You have probably heard this statistic: for every dollar the average working man earns, the average woman earns only 79 cents. But there's a lot of nuance hidden inside that fact. These numbers are just the beginning when it comes to equal pay.
This past Tuesday April 12th was Equal Pay Day, which marks when the average working woman would finally catch up to the amount her male counterpart made the year before.
Why is it important?
Advocates celebrate Equal Pay Day as an opportunity to publicize the wage gap that still exists between men and women and galvanize support for equal pay. Critics point out that most of the wage gap is due to individual decisions men and women make, like about childbearing or profession. Therefore, they argue, addressing the gap is not society's responsibility. The question of how much we should do to address the disparity bubbles to the surface in areas as diverse as the presidential election, professional tennis and soccer, credit scores, and more.
Should society do more to address the wage gap between men and women?
You do not have to think the wage gap is caused purely by overt sexism to recognize that society should do more to address it.

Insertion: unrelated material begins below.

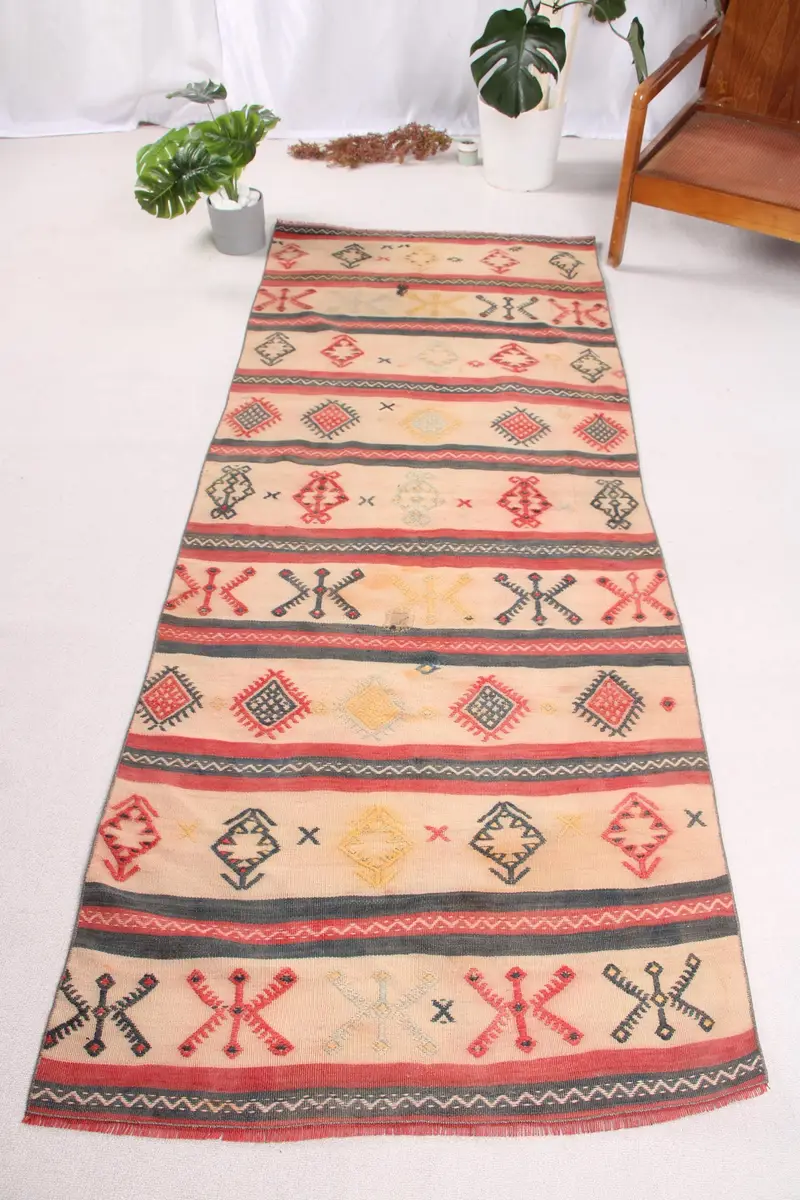 Elegant Beige & Red Floral Rug, 3,2x8 ft Chic Decor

In 2015, women’s median weekly earnings were $729. Men's were $907. This difference has narrowed in recent decades as overt discrimination has declined, but it remains too high. Statistics show it is caused by a variety of factors. Some are societal, like the impact of child bearing and the differences in responsibility for child care. Others are behavioral, like that on average women choose lower paying professions, negotiate less aggressively, and work fewer hours—and these often have societal origins.

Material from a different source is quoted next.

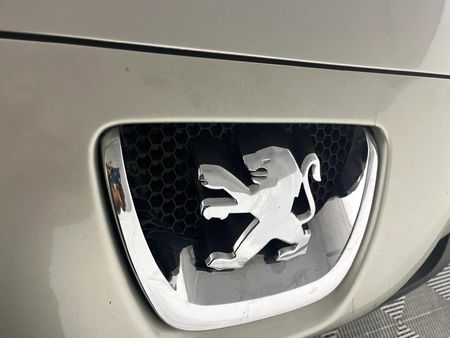 2008-Peugeot-308-16T-XT_11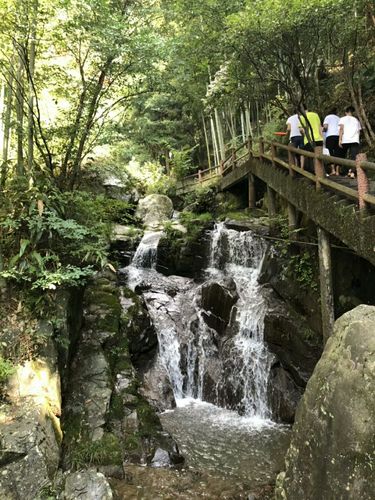 安吉藏龙百瀑好玩吗,安吉藏龙百瀑景点怎么样_点评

But these very facts call attention to the systemic issues women face in the workplace, where jobs are structured to reward long hours and rigid schedules that marginalize working moms. Society can and should address these barriers.
For example, one demonstrated way to improve gender pay equity is to make working hours more flexible. In industries where employees work long hours without rigid schedules, the pay gap is considerably reduced. Examples include the technology and science sectors, where hours are far more flexible than in finance and law. The list of improvements goes on: pay transparency, adequate child care, guaranteed maternity and paternity leave, and more.
Though some gender-based discrimination continues to exist, we know that the vast majority of the wage gap is caused by other factors. Among them: choice of profession, salary negotiation, and hours worked. Society is not responsible for correcting for these factors. Only individuals really can.
The commonly cited statistic on 79 cents to the dollar implies this gap is based on gender discrimination in work and education. This is deeply misleading. For one, men and women gravitate towards different professions, which influences wages. According to Census data, women's most common jobs are assistants and teachers, where men's are drivers and managers. For another, women are less likely to negotiate starting salaries and more likely to limit their hours, both of which affect their pay.
Many of these choices are the result of motherhood and/or personal preference. They are reasonable decisions. But since sex discrimination is no longer one of the main causes of the wage gap, government or private sector action to reduce gender discrimination won't fix it. Society shouldn't—in fact, can't—address this problem.
With discrimination now prohibited throughout the workforce, the remaining gap is almost entirely the result of individual decisions, decisions that men and women should remain free to make for themselves.